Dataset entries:
* * * * * * *

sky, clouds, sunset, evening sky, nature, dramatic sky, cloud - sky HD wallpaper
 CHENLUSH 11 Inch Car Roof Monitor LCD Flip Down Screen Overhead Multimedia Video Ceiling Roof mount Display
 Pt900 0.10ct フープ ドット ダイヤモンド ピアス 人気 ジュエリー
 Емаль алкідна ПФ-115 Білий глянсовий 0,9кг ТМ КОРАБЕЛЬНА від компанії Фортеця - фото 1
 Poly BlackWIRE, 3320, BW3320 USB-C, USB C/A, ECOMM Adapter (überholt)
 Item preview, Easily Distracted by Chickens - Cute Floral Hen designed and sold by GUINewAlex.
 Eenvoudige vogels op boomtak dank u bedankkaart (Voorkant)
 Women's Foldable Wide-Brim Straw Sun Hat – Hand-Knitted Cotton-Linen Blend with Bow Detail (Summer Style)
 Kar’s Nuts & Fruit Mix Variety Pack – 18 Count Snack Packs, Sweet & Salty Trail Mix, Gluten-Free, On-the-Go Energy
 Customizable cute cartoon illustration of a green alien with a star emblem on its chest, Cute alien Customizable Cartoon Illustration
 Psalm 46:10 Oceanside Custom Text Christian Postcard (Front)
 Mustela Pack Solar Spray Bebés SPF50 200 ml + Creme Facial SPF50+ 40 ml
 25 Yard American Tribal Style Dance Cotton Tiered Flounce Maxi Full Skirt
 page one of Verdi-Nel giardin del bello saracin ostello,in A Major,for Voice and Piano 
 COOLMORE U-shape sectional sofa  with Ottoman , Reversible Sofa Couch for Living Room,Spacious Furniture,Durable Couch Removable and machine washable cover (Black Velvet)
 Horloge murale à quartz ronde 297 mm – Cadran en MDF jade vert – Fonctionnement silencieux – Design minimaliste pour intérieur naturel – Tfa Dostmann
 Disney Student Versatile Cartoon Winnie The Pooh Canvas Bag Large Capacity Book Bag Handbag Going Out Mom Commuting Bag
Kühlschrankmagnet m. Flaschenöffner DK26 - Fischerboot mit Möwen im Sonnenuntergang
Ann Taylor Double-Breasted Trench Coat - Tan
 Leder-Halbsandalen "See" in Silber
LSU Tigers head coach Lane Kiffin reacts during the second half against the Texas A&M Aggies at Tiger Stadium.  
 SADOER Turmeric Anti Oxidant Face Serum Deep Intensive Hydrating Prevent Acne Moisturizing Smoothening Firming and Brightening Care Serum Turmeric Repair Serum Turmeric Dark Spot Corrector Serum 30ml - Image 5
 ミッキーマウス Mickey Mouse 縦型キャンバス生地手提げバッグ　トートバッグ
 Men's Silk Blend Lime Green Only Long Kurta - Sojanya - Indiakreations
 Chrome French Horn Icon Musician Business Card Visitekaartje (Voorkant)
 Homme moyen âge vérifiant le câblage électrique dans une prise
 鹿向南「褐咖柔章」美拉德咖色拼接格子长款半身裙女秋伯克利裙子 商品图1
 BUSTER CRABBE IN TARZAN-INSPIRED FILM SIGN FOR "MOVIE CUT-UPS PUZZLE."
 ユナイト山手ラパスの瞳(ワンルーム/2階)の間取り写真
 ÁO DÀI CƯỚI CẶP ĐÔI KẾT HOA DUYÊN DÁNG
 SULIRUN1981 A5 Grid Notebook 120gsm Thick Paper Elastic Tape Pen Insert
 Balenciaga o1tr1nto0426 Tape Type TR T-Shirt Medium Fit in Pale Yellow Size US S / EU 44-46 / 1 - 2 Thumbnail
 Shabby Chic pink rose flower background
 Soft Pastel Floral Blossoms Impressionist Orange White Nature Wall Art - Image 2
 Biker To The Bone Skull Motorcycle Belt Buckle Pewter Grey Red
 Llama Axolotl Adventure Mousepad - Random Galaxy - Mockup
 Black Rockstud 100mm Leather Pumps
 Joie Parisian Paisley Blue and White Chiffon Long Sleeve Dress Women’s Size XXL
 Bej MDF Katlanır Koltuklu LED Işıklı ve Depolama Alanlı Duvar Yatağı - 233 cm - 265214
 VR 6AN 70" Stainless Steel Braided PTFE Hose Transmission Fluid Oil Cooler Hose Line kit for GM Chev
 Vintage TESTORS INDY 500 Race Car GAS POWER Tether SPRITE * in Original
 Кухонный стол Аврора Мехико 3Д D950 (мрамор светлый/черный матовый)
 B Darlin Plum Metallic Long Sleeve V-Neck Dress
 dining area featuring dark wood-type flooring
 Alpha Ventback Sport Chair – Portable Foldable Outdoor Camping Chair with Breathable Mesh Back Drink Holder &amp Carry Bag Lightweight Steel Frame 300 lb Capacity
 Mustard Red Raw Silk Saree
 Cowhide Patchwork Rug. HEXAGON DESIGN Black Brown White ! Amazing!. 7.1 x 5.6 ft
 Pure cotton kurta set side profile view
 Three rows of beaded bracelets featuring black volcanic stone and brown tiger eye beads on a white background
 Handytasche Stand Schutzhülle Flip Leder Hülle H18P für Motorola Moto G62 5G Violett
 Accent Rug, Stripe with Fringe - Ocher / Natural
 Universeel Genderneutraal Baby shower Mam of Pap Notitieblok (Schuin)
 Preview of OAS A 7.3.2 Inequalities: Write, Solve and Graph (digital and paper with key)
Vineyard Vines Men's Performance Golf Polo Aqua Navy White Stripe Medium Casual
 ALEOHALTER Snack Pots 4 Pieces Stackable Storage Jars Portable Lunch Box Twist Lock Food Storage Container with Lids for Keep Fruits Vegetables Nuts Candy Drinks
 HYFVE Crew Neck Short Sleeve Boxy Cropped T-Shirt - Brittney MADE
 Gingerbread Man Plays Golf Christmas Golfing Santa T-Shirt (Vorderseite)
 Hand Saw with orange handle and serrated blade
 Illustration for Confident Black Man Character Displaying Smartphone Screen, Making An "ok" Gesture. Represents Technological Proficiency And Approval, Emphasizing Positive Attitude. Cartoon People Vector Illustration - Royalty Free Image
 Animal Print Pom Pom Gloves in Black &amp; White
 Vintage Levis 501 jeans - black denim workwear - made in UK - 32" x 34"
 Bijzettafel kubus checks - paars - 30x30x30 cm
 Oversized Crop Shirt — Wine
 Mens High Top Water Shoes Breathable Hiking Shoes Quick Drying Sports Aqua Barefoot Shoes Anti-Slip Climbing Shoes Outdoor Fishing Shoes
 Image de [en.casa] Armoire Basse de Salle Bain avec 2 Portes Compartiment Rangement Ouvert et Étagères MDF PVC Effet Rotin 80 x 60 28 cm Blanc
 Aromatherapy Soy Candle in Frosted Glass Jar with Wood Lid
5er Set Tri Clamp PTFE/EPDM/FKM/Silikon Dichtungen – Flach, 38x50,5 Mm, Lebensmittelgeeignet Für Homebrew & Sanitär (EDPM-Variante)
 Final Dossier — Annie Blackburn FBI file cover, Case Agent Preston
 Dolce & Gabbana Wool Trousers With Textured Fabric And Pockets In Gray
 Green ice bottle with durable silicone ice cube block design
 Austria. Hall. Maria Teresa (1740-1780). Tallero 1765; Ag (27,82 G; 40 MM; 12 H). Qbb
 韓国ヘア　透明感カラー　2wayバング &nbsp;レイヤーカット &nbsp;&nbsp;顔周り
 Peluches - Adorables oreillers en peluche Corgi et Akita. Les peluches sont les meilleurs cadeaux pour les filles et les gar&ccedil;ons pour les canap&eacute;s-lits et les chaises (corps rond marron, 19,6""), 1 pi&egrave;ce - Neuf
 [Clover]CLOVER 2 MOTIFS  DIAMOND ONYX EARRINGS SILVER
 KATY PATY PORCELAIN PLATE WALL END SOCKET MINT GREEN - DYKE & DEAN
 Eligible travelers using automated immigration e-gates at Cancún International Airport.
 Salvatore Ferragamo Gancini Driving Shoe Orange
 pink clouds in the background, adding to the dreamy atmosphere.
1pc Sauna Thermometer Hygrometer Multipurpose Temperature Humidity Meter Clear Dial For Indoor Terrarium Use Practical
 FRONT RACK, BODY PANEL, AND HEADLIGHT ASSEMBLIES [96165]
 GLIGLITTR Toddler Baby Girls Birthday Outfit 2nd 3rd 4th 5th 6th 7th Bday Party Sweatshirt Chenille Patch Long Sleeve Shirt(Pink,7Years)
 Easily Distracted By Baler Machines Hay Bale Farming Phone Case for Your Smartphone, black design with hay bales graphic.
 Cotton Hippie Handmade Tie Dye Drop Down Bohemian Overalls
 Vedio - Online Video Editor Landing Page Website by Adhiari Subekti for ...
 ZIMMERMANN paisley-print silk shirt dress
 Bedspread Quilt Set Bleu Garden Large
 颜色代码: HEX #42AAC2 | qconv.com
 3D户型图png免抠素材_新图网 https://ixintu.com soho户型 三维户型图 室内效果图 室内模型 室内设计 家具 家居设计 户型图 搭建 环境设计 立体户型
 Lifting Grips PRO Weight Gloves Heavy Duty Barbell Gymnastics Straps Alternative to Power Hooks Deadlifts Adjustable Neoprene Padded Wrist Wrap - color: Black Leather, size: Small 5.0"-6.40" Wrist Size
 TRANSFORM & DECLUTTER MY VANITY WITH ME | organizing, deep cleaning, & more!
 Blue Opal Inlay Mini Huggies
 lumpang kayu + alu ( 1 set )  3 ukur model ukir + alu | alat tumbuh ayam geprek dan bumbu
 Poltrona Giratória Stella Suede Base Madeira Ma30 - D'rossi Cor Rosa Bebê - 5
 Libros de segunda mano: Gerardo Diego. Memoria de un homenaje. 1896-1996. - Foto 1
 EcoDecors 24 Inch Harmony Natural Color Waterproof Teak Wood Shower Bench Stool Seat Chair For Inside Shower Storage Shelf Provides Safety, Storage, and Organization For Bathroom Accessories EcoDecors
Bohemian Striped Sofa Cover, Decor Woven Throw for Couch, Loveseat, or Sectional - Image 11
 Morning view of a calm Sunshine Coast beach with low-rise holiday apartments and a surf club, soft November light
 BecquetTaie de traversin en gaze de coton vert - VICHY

* * * * * * *

Task requirements
Would you please filter the lines above and copy every one that includes "Sleeve"?

Your solution
 Joie Parisian Paisley Blue and White Chiffon Long Sleeve Dress Women’s Size XXL
 B Darlin Plum Metallic Long Sleeve V-Neck Dress
 HYFVE Crew Neck Short Sleeve Boxy Cropped T-Shirt - Brittney MADE
 GLIGLITTR Toddler Baby Girls Birthday Outfit 2nd 3rd 4th 5th 6th 7th Bday Party Sweatshirt Chenille Patch Long Sleeve Shirt(Pink,7Years)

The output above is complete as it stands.